German prayers in America

Posted on 04:49 by Unknown
Meeting notes taken in the late 1930s -- that seems to be the very last remnant of the German language in the history of the German United Evangelical Synod of the North America.

Everything official was in English, at that point. There was just one last meeting where one old churchman kept notes in German.

There is no German United Evangelical Synod of North America today. The church joined with the Reformed Church -- itself formerly the German Reformed Church -- in 1934. Then that church, the Evangelical and Reformed Church, joined with the Congregational Churches in 1957 to become the United Church of Christ. Even before that series of ecumenical mergers, though, what was once an immigrant church with a strong ethnic, "Old World" identity had accommodated and assimilated, jettisoning its Germanness, according to History of the Evangelical and Reformed Church, over the course of about 90 years.

That story is the story of immigrant assimilation in America.

The church began in St. Louis in the 1840s, a collection of immigrant congregations that defined themselves in opposition to the area's "ultra-Lutherans." These congregations adhered to the Heidelberg Catechism.

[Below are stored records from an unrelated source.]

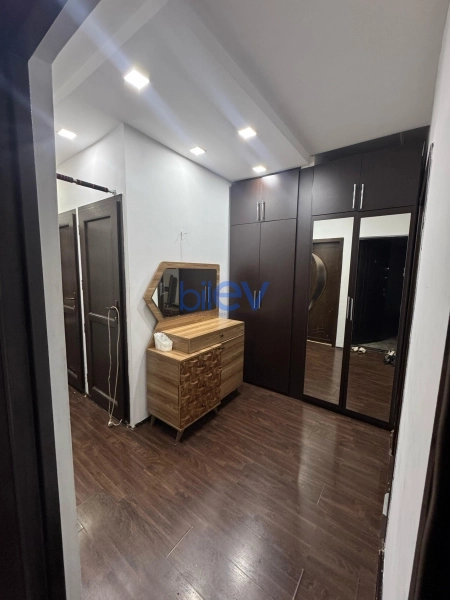 Satış 2 otaqlı Köhnə Tikili bina evi  60m², Bakı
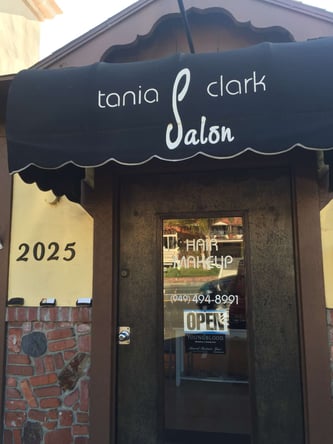 STATION FOR RENT IN LAGUNA BEACH SALON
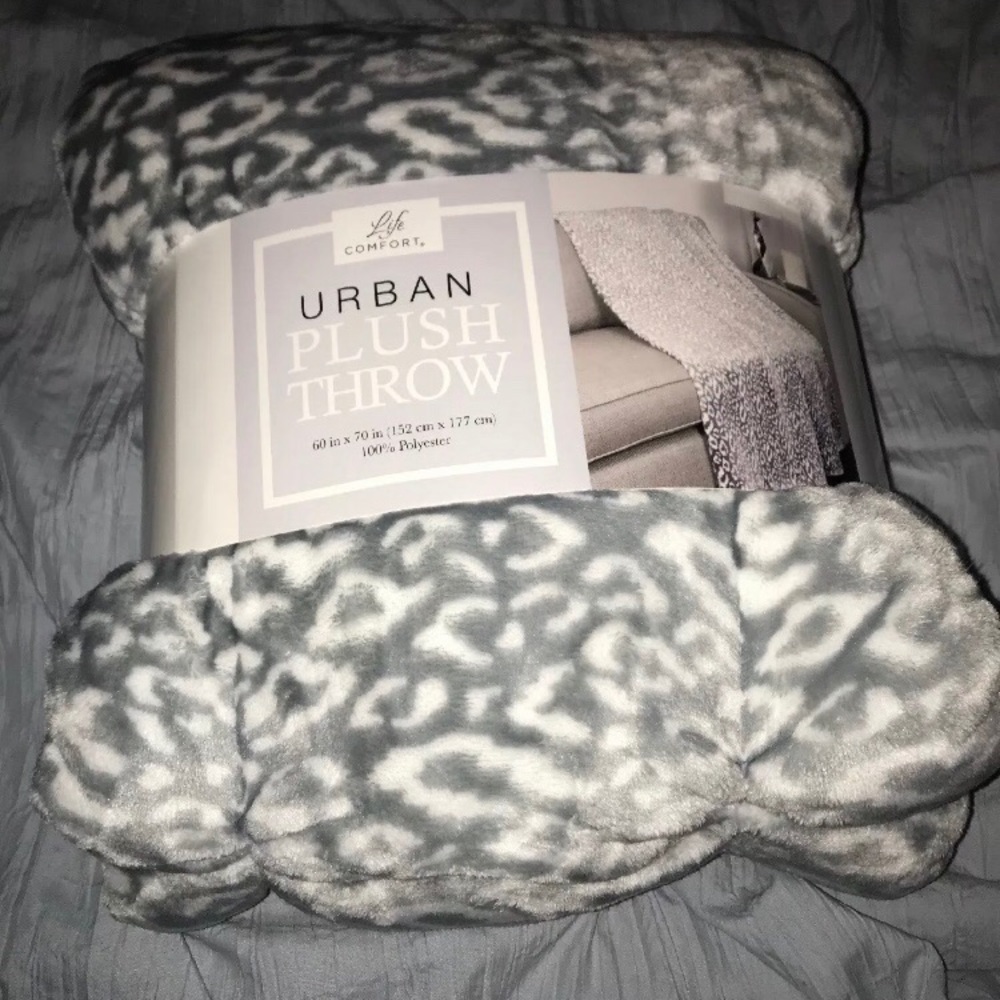 Life Comfort Urban Plush Gray Animal Design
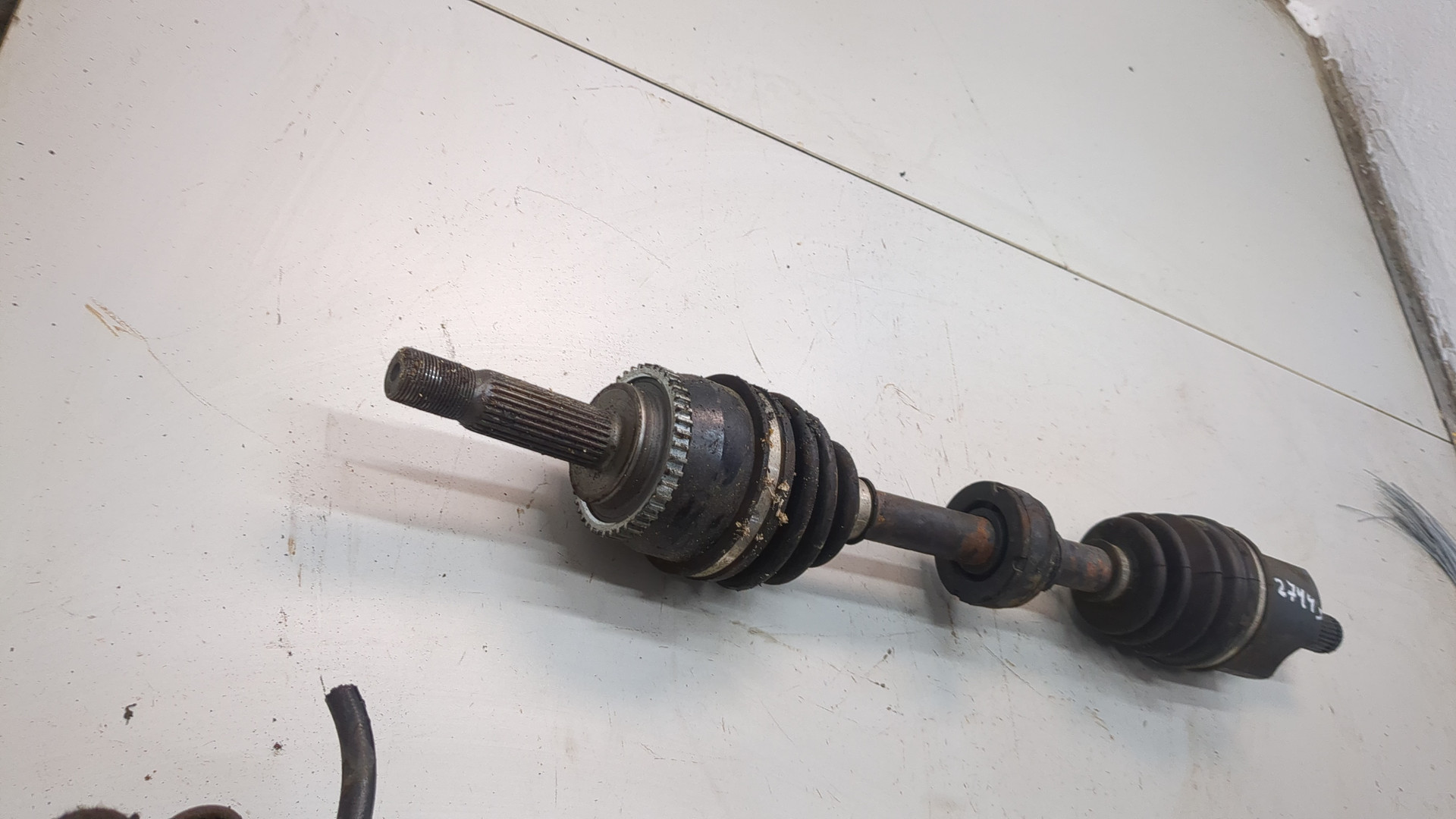 Полуось передняя левая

The new church called itself a verein -- a union or an association -- and had a strong ethnic identity. Thought it existed only in the American Midwest, it formed with a German name: Der Deutche Evangelische Kirchenverein des Westens. After about 30 years, the church officially translated its name into English, re-christening itself in the late 1870s as the German United Evangelical Synod of North America.

Not quite two decades after that, in the 1890s, the church took the next major step in assimilation, following a course that was, by then, fairly well defined by other religious groups transplanted from Europe to North America: Sunday School curricula was switched to English. 

The catechism was put in English, then the church's hymnal, then, soon, the entire church was functioning in English, and the only remnant of the original language was those synod meeting notes, kept in German long after anyone needed them to be German.

Other groups were pressured to make the transition into English by war. Some Dutch Reformed churches faced serious social pressure to assimilate during World War I, for example. As James D. Bratt notes in Dutch Calvinism in Modern America, Christian Reformed Churches that continued preaching and praying in Dutch elicited outrage from "American neighbors unable to distinguish between 'Dutch' and 'Deutsch.'" Several Midwestern states actually passed laws prohibiting churches from holding services in any "foreign" language, unless full English translations had been given prior approval by the state legislature.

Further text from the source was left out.